Reference [15] proposed real-time translation of ISL using adaptive thresholding and hybridised SIFT with an accuracy of 92.78%. Reference [16] proposed a dynamic model for the recognition of alphanumeric gestures of ISL using Speeded Up Robust Features (SURF) with Support Vector Machine (SVM) and CNN. Canny Edge detection and Gaussian filtering are used for the pre-processing of images. Six Convolution layered CNN is used along with max Pooling, dropout, RELU activation function, and softmax as a classifier. The system uses a self-made dataset of 36000 images of 36 classes from 3 signers. Reference [17] proposed a model for the translation of static ASL gestures of alphanumeric data using fine-tuned CNN. The model comprises 8 layers with max max-pooling, dropout, ReLU activation and softmax as the classifier. Reference [18] used fifth Dimension Technology (5DT) gloves for data acquisition and k-Nearest Neighbour (k-NN) machine learning algorithm for Australian SLR with an accuracy of 97%. A real-time SLTS has been developed to translate the alphabet of Arabic Sign Language using AlexNet architecture [19]. A hybrid sign language recognition model based on CNN and LSTM was proposed by [20] to aid COVID-19 patients. The model was tested on two datasets and obtained a maximum average accuracy of 99.34%. Reference [21] reviewed 72 sensor-based sign language recognition systems and concluded that although they achieve accuracy up to 99.75%, these should be more user-friendly and have minimal circuitry without drawing attention. Further, a sensor-based system works better in experimental setup than in real-world situations. Aparna et al. [22] suggested CNN and stacked long short-term memory (LSTM) models for the recognition of isolated words of ISL. The model achieved a training accuracy of 94% on a self-made video dataset of 6 isolated words. For continuous word recognition in sign language, the different variations of the transformer have been used extensively by researchers to exploit spatial-temporal features [23,24]. Few works have also been done to explore the role of contextual information in sign language recognition with Generative adversarial network (GAN) [25].
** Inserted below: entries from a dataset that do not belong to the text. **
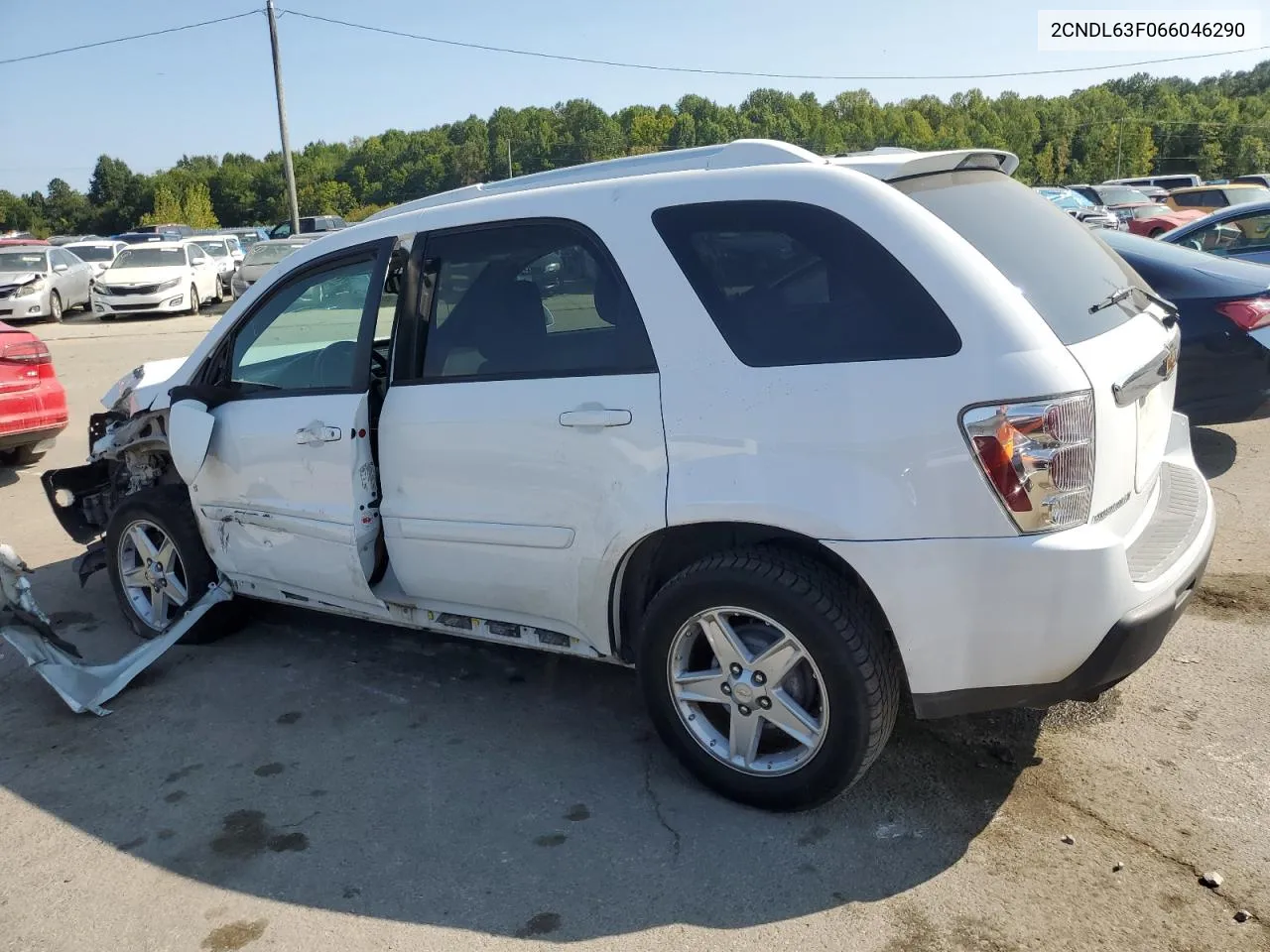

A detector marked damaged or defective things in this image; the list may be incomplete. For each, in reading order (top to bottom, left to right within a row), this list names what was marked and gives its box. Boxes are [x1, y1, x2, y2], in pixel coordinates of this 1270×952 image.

crumpled hood [0, 270, 40, 288]
crumpled hood [99, 264, 188, 286]
crumpled hood [101, 357, 189, 413]
cracked asphalt [2, 311, 1270, 944] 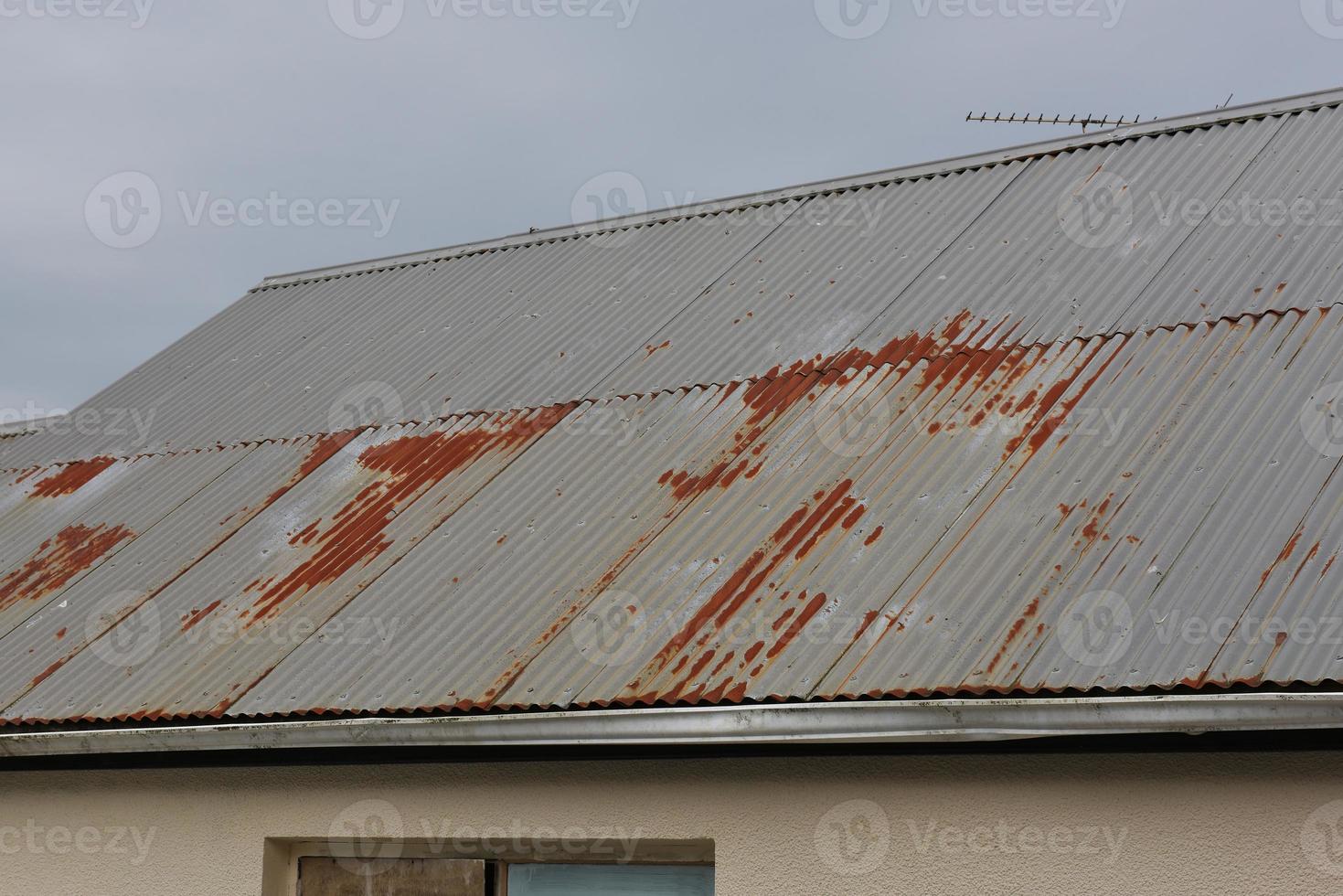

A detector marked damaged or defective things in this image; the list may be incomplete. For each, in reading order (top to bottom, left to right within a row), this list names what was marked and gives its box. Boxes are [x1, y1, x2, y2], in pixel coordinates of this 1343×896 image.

rust patch [27, 459, 115, 501]
rust patch [245, 410, 570, 625]
rust patch [0, 523, 137, 611] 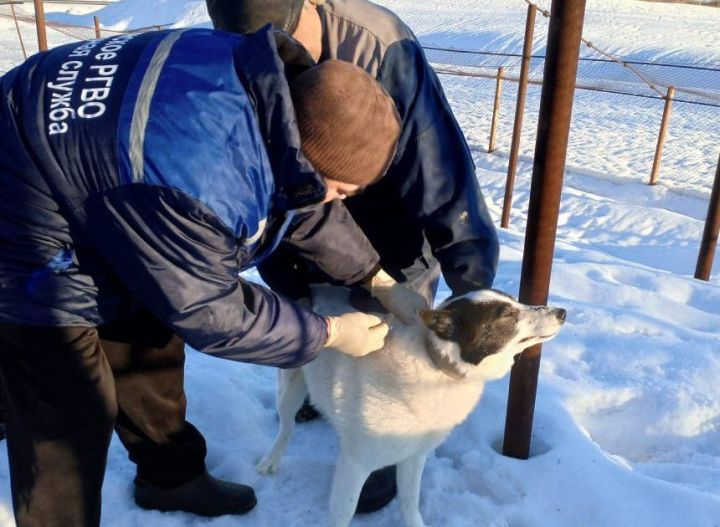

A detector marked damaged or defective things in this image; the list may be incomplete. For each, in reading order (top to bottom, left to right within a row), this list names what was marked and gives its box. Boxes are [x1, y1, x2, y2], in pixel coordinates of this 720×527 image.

rusty metal pole [10, 3, 26, 59]
rusty metal pole [490, 66, 506, 153]
rusty metal pole [504, 3, 536, 229]
rusty metal pole [648, 86, 672, 186]
rusty metal pole [504, 0, 588, 462]
rusty metal pole [696, 154, 720, 280] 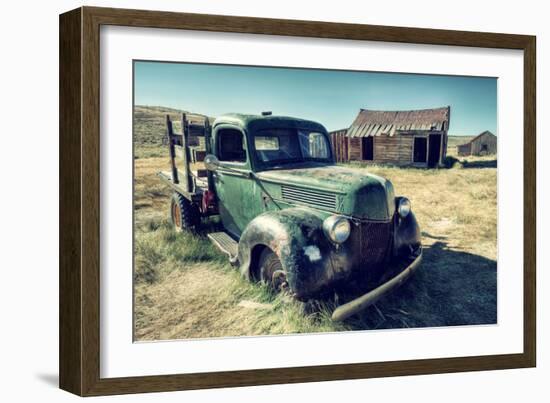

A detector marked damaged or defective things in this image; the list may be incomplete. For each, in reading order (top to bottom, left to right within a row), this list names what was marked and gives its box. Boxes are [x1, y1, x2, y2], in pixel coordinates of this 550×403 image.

rusty green truck [157, 111, 424, 322]
rusty fender [238, 208, 354, 300]
rusty fender [330, 248, 424, 324] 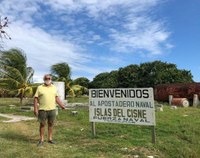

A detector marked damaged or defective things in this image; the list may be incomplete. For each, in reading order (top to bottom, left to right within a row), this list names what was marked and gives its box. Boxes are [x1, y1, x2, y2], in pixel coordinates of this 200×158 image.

rusty metal structure [154, 82, 200, 101] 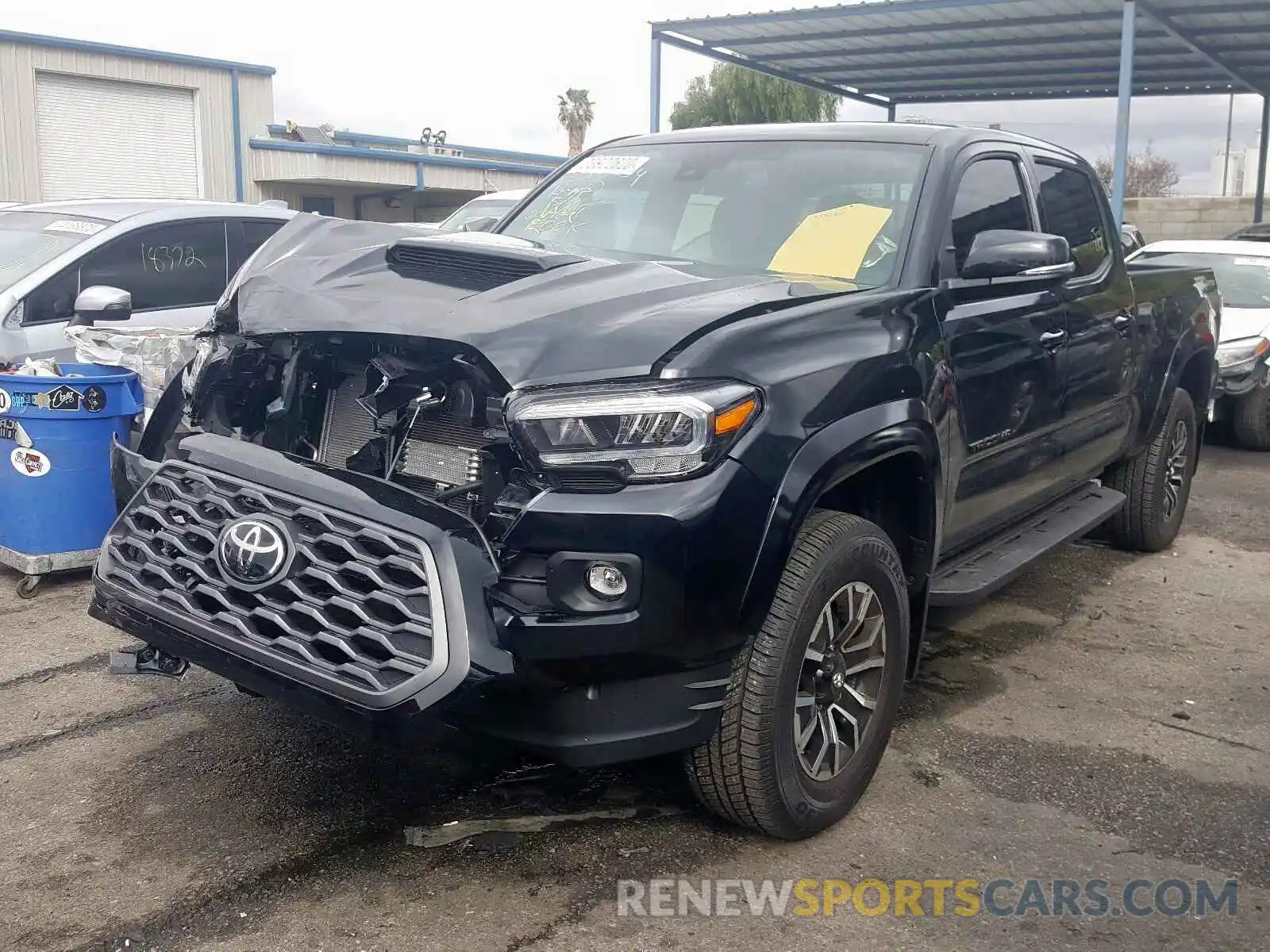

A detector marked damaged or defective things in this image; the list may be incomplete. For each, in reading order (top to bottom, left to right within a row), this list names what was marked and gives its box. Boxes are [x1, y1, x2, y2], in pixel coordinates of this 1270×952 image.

damaged hood [225, 214, 864, 389] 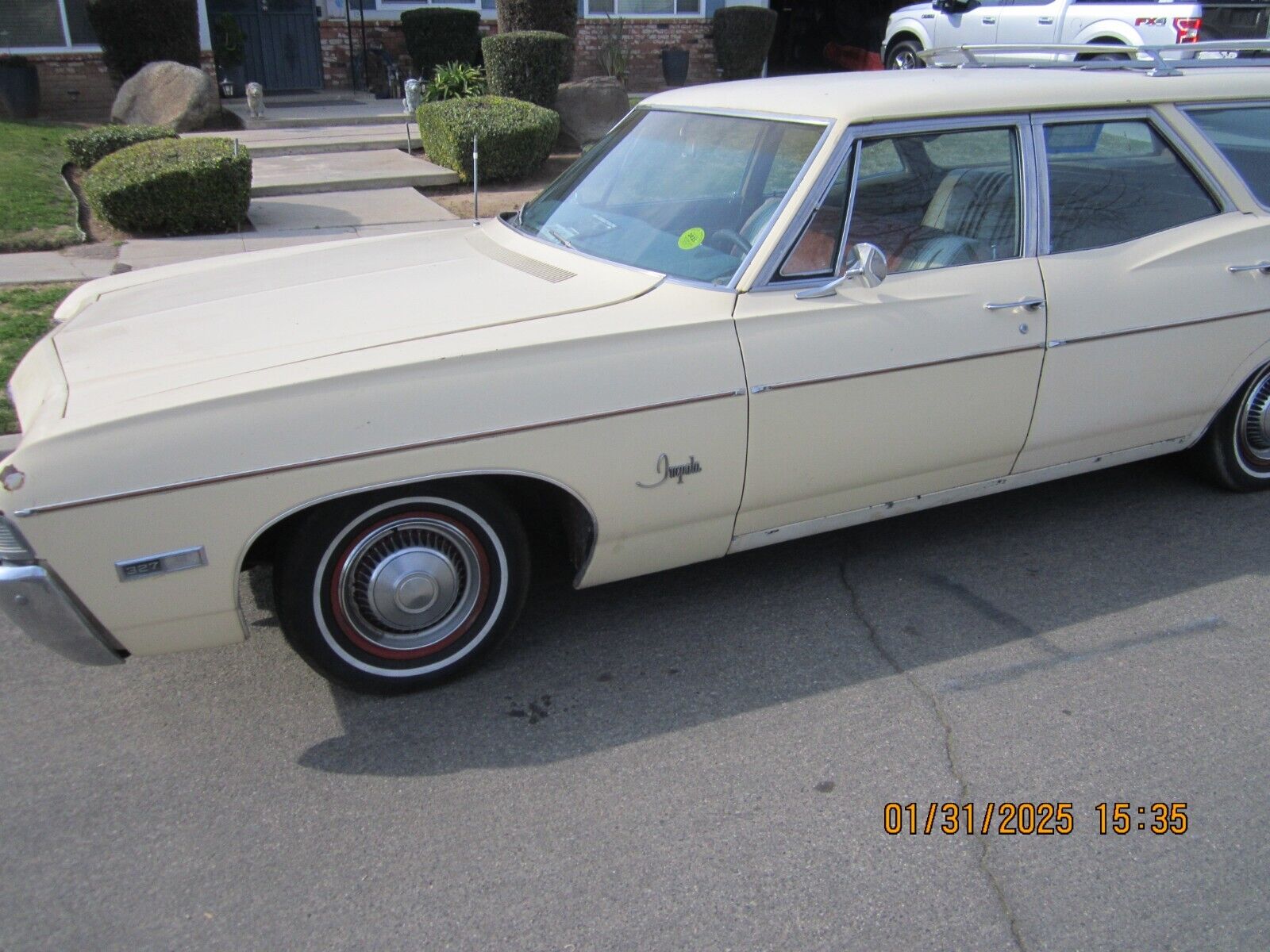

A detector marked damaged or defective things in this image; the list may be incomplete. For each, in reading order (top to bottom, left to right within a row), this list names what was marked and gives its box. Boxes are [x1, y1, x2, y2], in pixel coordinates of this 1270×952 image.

The cost and obligation to wear hardware-based SLTS outweigh their accuracy. So, instead of using high-end equipment, we intend to overcome this challenge using cutting-edge computer vision and machine learning methods. It has been analysed that major work of alphabet-level SLTS has been performed in deep learning, which is a reflection of the machine learning (ML) paradigm and expedites learning by simulating human brain activity. Further, computer vision technology has become widely popular in Sign Language processing as a result of innovations in deep learning. It incorporates the use of numerous layers of neural networks for complicated processing. This study aims to identify alphabets in Indian Sign Language based on the input images of gestures using deep learning. In this research, we have introduced novel hybrid-AO thresholding to translate the alphabets of ISL using state of art CNN framework.

3 Methodology

The proposed model for the translation of the ISL alphabet to text is rendered using Fig. 1. The SLTS can be divided into the following steps:

images

Figure 1: Architecture of the proposed ISLTS

Step 1-Alphabet level dataset of 26 classes has been taken from open access data source Kaggle [26].

Step 2-Data pre-processing has been performed by changing the coloured image to grayscale, dimension has been reduced to 70 × 70. A novel image segmentation called Hybrid-AO thresholding (Section 3.2.3) has been used by applying Adaptive Gaussian thresholding followed by Otsu Algorithm. Canny edge detection algorithm and Simple thresholding have also been performed on the input dataset to check the performance of Hybrid-AO thresholding.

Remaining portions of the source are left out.